▶ **PROMPT**
The entries below contain a line with "Ver imagem 7" and a line with "bike mobile holder". Retype exactly everything from the first down to the second, both included, and nothing else.

▶ **DATA EXTRACTS**
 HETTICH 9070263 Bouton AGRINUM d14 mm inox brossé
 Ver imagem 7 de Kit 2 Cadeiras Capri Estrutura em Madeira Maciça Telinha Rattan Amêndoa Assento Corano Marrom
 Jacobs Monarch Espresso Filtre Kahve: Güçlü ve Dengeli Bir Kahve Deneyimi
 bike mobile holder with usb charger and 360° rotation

---

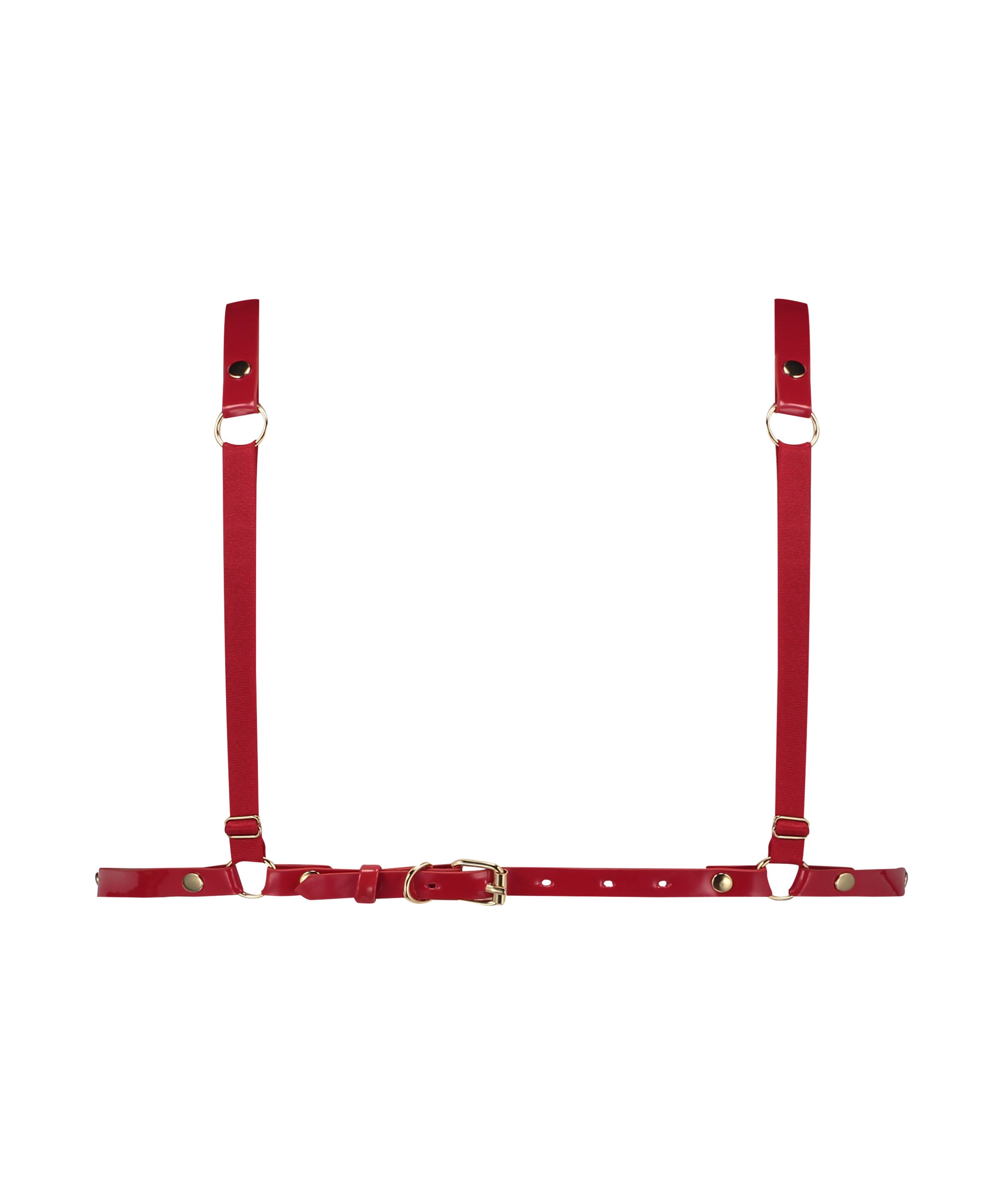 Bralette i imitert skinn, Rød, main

▶ **FINISHED EXERCISE**
 Ver imagem 7 de Kit 2 Cadeiras Capri Estrutura em Madeira Maciça Telinha Rattan Amêndoa Assento Corano Marrom
 Jacobs Monarch Espresso Filtre Kahve: Güçlü ve Dengeli Bir Kahve Deneyimi
 bike mobile holder with usb charger and 360° rotation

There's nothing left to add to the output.